Sounds like Phoenix LiveView, and IMO it’s a very good approach. We need more
things like it.

------
catchmeifyoucan
This is super cool! I built the airpptx.github.io project - which similarly
uses powerpoint elements to translate to html. The challenges are in the
translation of native elements to web elements. I'm going to take a look at
your codebase and see if I can help.

------
davidkhess
This seems to me to have a serious architectural issue. If I read it right,
the app is rendered in the browser but is processing state changes and doing
HTML rendering of the state tree on the server side? How is that going to
scale?

This is a really neat adaptation of the SwiftUI API to the web but it seems
like the guts of it needs to run in the browser to be practical.

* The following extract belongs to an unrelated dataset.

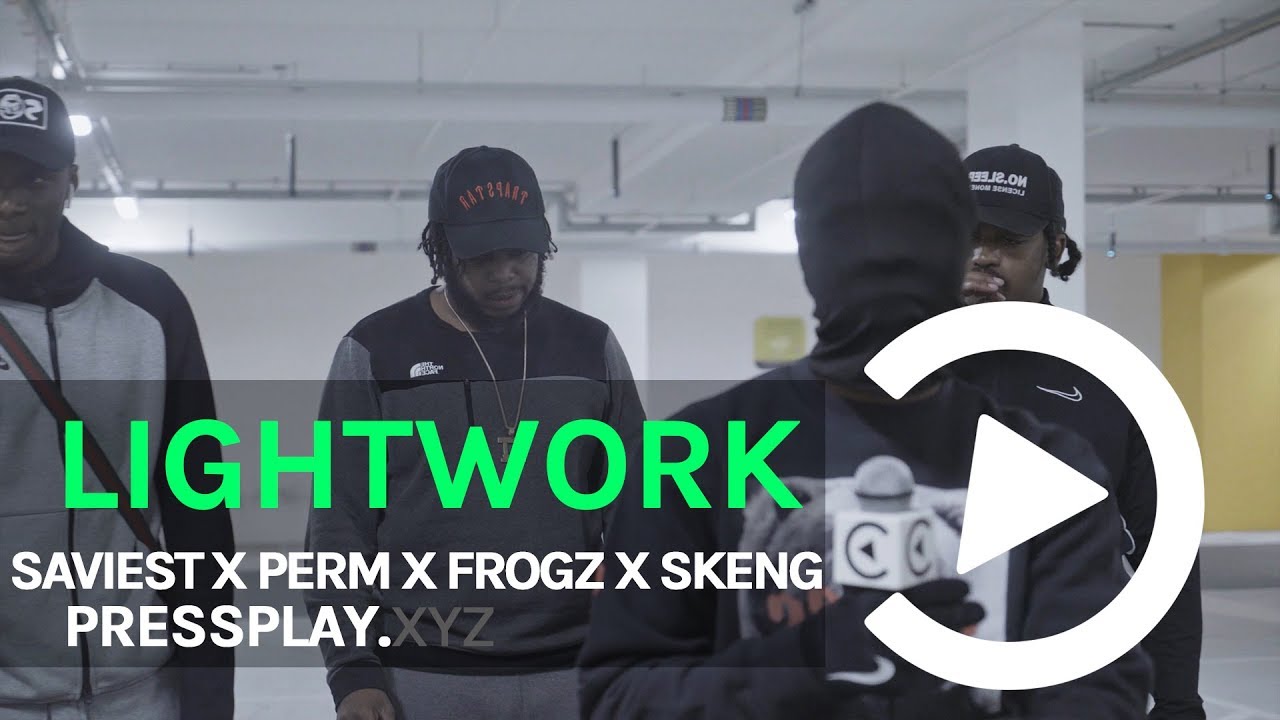 #CT Saviest X Perm X Frogz X Skeng - Lightwork Freestyle | Pressplay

Perhaps we'll eventually see the Swift compiler support a WASM target?

[edit] Like Qt is doing?
[https://doc.qt.io/qt-5/wasm.html](https://doc.qt.io/qt-5/wasm.html)

------
tluyben2
It would be great if one of these efforts gets us to something that actually
works well as replacement for html/css; the ones that work (what you build is
how it will look) feel like Flash (you lose SEO, copy/paste, accessibility
etc) while the ones that try to fix that really do not work because you cannot
really get the result you were aiming for design and feature wise. Webassembly
did not fix (as far as I know) the SEO issue. This will all happen and for me,
it cannot happen fast enough!

------
thomasfl
Maybe Apple should bless this project, by letting it use the name WebObjects?

------
cerberusss
I'm looking forward for a connection between SwiftUI and GTK or Qt, so we
could have a fully functional user interface on Linux.

------
rebelnz
Coming from a job working on a WebObjects behemoth this is terrifying for me
...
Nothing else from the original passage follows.